(Stored items from a collection)
◆ ◆ ◆ ◆

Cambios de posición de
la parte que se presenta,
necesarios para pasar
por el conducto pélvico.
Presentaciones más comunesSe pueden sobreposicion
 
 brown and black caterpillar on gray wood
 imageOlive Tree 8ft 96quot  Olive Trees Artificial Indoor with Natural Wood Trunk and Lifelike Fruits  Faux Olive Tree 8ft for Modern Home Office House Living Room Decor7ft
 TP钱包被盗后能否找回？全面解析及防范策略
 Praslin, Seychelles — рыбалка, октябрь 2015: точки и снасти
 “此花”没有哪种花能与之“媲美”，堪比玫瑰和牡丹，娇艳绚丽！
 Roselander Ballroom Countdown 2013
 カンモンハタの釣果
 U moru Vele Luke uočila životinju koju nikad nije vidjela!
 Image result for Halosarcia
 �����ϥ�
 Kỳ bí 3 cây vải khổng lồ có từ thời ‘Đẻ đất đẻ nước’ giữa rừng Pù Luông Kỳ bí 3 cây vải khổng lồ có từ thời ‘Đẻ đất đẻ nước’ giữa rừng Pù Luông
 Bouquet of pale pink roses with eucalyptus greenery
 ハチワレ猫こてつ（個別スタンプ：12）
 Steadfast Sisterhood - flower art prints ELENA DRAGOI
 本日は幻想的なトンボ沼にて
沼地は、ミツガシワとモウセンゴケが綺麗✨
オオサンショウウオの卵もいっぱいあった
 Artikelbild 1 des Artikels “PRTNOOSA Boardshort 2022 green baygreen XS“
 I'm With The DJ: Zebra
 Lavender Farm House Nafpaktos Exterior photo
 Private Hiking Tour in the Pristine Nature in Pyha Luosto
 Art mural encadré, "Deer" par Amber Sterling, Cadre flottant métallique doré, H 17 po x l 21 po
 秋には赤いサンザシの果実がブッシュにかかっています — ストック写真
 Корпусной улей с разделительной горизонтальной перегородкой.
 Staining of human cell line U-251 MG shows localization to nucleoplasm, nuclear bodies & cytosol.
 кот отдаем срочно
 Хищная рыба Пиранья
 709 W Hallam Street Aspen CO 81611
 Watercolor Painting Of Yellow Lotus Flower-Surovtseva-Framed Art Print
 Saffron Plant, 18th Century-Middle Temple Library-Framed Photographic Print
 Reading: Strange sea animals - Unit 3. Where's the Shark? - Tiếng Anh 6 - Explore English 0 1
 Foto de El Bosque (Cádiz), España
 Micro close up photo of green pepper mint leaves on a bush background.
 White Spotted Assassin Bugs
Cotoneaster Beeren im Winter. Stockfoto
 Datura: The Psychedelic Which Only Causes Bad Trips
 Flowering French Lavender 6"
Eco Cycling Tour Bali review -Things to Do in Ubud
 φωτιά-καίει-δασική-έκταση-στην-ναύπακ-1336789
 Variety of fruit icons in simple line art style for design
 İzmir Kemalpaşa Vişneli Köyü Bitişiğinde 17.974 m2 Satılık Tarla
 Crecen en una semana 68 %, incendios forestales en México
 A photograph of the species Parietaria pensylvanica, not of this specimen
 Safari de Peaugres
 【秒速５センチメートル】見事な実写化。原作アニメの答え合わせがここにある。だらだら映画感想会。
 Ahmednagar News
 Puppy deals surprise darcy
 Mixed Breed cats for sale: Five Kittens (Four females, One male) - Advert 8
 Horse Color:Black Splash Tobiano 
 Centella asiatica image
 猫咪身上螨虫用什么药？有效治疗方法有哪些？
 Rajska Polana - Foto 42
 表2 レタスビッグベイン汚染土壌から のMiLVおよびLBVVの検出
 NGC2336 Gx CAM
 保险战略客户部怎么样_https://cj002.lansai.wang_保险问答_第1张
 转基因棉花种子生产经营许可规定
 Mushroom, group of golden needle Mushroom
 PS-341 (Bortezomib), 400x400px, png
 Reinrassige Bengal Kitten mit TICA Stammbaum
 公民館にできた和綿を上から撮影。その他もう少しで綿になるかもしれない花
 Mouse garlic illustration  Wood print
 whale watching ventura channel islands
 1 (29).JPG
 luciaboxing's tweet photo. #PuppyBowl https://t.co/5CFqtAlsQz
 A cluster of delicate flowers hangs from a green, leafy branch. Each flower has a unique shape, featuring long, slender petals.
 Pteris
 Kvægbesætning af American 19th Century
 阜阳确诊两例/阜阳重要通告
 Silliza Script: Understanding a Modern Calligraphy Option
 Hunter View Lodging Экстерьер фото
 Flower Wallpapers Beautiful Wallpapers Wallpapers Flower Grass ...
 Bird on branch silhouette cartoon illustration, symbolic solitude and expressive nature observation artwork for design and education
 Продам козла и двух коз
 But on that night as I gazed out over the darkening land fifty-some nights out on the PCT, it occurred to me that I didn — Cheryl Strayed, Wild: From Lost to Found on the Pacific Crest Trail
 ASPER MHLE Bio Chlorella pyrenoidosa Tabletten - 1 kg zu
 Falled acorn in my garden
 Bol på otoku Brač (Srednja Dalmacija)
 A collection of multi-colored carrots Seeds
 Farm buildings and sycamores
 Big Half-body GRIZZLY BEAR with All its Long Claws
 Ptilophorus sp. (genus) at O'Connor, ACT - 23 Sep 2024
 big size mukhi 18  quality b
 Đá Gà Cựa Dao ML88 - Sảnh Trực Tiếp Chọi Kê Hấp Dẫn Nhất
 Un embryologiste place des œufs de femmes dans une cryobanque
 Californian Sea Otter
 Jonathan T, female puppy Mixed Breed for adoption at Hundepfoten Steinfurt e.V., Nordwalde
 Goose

◆ ◆ ◆ ◆

◆ **TO DO**
The reply should consist solely of the lines above from the one that has "Mouse garlic illustration" through the one that has "阜阳确诊两例/阜阳重要通告", reproduced exactly.

◆ **RESPONSE BELOW**
 Mouse garlic illustration  Wood print
 whale watching ventura channel islands
 1 (29).JPG
 luciaboxing's tweet photo. #PuppyBowl https://t.co/5CFqtAlsQz
 A cluster of delicate flowers hangs from a green, leafy branch. Each flower has a unique shape, featuring long, slender petals.
 Pteris
 Kvægbesætning af American 19th Century
 阜阳确诊两例/阜阳重要通告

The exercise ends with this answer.